Cet échec relatif des SPF n’a toutefois pas empêché la Commission européenne de regarder de près la conformité avec le Traité de l’UE du régime mis en place en 2007. Parce que les sociétés de gestion de patrimoine familial recevant plus de cinq pour cent du montant total des dividendes en provenance de participations dans des sociétés non-résidentes et non cotées en Bourse, qui ne sont pas soumises à un impôt comparable (sur le revenuet sur les collectivités), n’ont pas droit à l’exonération fiscale, Bruxelles avait « attiré » l’attention du gouvernement luxembourgeois en février 2010 sur une « éventuelle incompatibilité » avec les règles communautaires. En effet, selon l’exposé des motifs, la Commission voyait des différences de traitement entre une SPF investissant dans une autre société luxembourgeoise exonérée ou non d’impôt et une autre SFP faisant son marché dans des sociétés non résidentes similaires aux structures luxembourgeoises. Le projet de loi n’évoque pas de procédure contentieuse que la Commission européenne aurait pu lancer à l’encontre du grand-duché. Le ministère des Finances ne s’est d’ailleurs pas fait prier pour plancher sur une réforme législative mettant le régime des SPF au diapason avec les exigences de Bruxelles. Et pour cause, le régime qui sera mis en place en janvier 2012, si le calendrier prévu par les autorités est respecté, devrait élargir le spectre de ce type de sociétés en raison de l’abolition du critère d’exclusion à l’exonération des sociétés non résidentes et non cotées. Les ingénieurs de la finance pourraient s’en réjouir.
Le régime des Fonds d’investissement spécialisés (FIS) du 13 février 2007 va également subir des modifications qui ont été approuvées le 1er juillet par le conseil de gouvernement. La « mise à jour » tient compte partiellement de la directive AIFMD sur les gestionnaires de fonds alternatifs (2011/61/UE), qui autorise désormais la délégation de fonction, permettant ainsi à un FIS et/ou à sa société de gestion de déléguer des tâches et des fonctions à des tiers. En contrepartie, certaines règles seront resserrées : la CSSF va ainsi renforcer ses exigences en matière d’agrément et mettre en place des dispositions anti-abus. Ainsi, les personnes qui représentent « formellement » les FIS n’auront d’agrément que si elles en assurent la « gestion effective », « cela afin de s’assurer que les personnes en question remplissent les critères d’honorabilité et de compétence requis ». Ce faisant, les autorités entendent limiter une utilisation galvaudée des FIS : impossible par exemple de s’en servir comme simple véhicule d’investissement passif à l’activité limitée à la détention de participations. Ce type « d’exercice » étant l’apanage des SPF.

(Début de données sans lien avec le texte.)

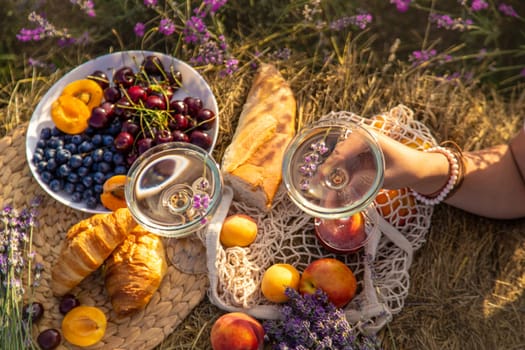 A woman drinks wine in a lavender field. Selective focus. Nature.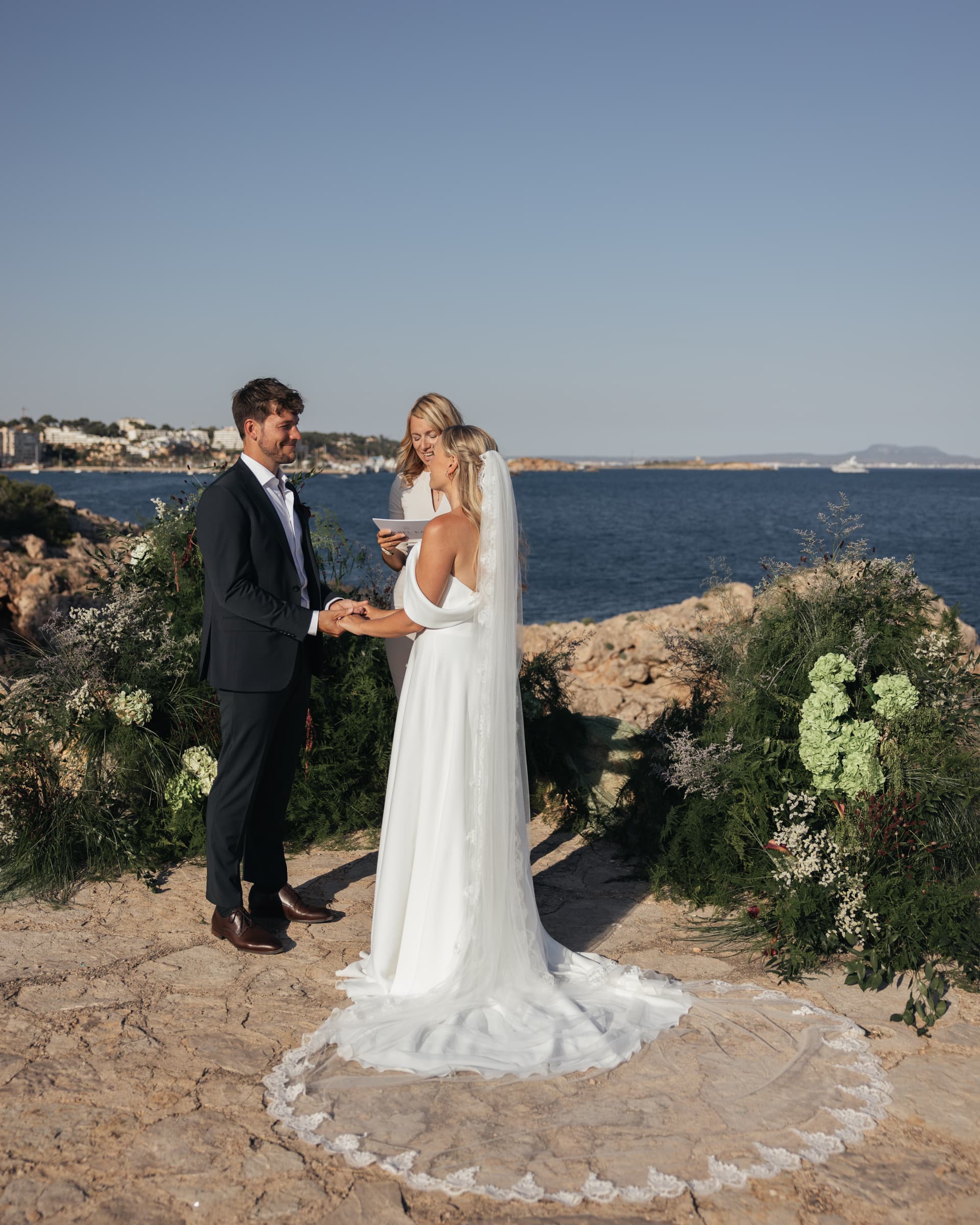 Wide view of a couple in wedding attire outdoors with the sea behind.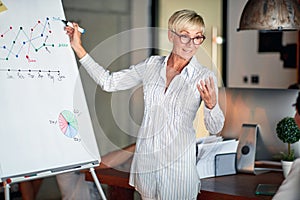 An elderly business woman carefully listen to her female colleague explaining a graph on the panel to her at workplace. Business,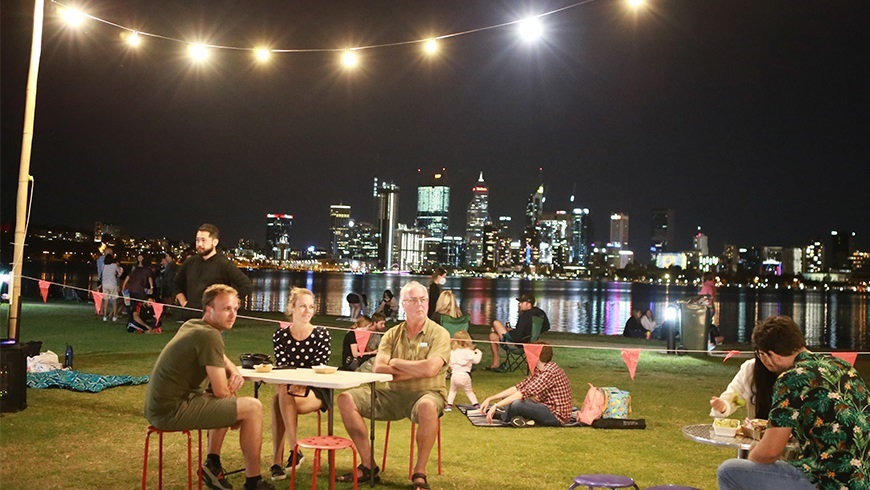 PeoplesittingatatableonthelawnalongtheriverwithCityskylinebackdrop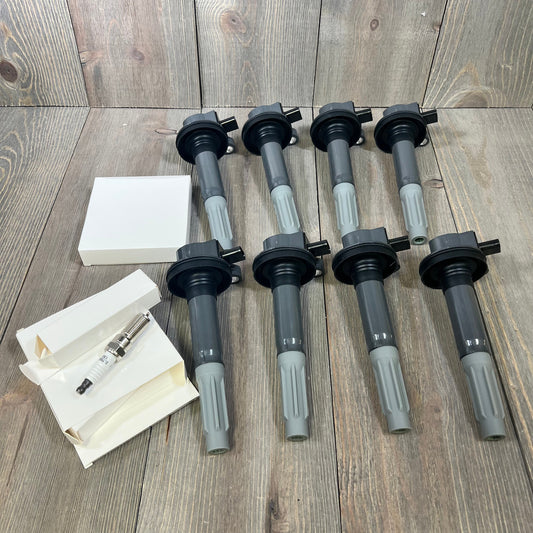 Set of 8 ignition coil packs and spark plugs for 2016-2017 Ford F-150 and Mustang V8 5.0L, displayed on wooden surface.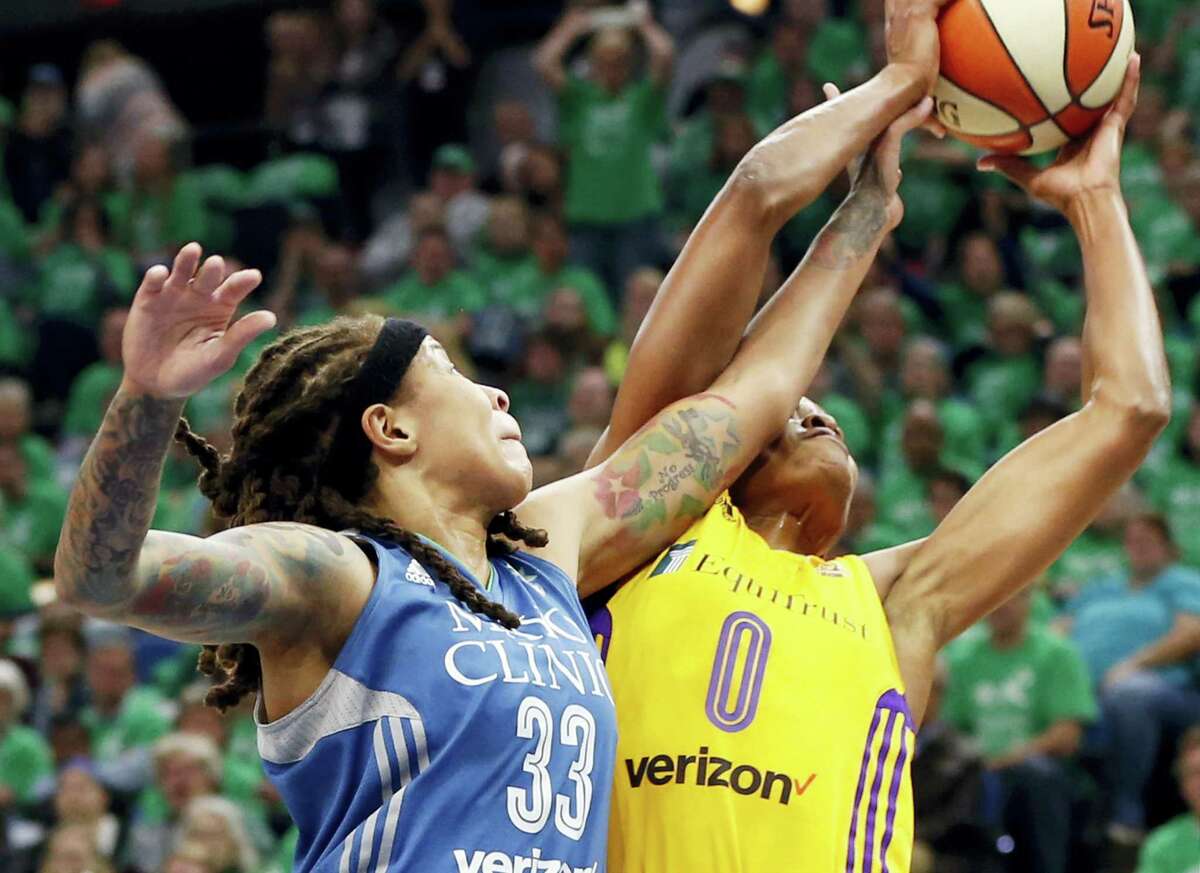 Minnesota Lynx’s Seimone Augustus, left, disrupts a shot attempt by Los Angeles Sparks’ Alana Beard in the first quarter during Game 5 of the WNBA basketball finals Thursday in Minneapolis. The Sparks dethroned the Lynx 77-76.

En tout cas, cette réforme des FIS, même si elle emprunte des éléments à la directive sur les fonds alternatifs (hedge funds), n’en est que sa transposition partielle, des compléments réglementaires étant encore attendus par les opérateurs de la gestion collective. Dans un communiqué, l’Alfi (association des fonds d’investissement) souligne qu’il ne s’agit pas de la « transposition officielle», mais d’une adaptation de la législation des FIS à certains aspects de la directive AIFMD. Aussi, le député européen Robert Goebbels (LSAP) s’est-il un peu trop vite réjoui de la rapidité avec laquelle Luc Frieden aurait transposé la directive AIFMD quelques jours à peine après sa publication au JO de l’Union européenne. Il n’y a pas le feu au lac pour faire la course en tête, le texte devant seulement être mis en œuvre en 2013.